## How to complete this task
Search the entries for the word "White". Copy every line where it turns up.

----- The records -----

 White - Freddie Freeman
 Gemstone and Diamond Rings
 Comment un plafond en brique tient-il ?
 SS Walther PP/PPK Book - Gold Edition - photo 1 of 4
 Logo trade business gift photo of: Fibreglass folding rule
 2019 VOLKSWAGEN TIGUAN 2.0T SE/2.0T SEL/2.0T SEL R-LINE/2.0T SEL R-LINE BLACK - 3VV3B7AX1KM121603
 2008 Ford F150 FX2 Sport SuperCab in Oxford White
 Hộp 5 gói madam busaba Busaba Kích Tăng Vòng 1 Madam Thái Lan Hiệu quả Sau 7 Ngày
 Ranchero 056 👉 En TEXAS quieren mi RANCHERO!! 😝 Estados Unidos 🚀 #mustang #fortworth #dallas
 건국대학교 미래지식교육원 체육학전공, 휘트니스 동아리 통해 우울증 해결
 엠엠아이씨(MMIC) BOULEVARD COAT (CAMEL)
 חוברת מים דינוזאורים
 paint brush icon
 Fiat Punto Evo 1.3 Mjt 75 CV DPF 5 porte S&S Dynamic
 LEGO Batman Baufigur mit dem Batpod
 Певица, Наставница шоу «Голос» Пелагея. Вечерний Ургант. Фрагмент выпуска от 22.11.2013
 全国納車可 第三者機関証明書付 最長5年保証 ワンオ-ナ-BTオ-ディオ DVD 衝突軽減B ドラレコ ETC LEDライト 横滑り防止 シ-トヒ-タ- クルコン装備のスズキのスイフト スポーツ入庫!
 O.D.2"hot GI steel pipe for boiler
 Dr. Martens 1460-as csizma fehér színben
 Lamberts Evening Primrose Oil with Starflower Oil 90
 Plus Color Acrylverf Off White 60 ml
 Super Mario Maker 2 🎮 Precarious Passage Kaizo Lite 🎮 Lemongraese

-----

## Answer section
 White - Freddie Freeman
 2008 Ford F150 FX2 Sport SuperCab in Oxford White
 Plus Color Acrylverf Off White 60 ml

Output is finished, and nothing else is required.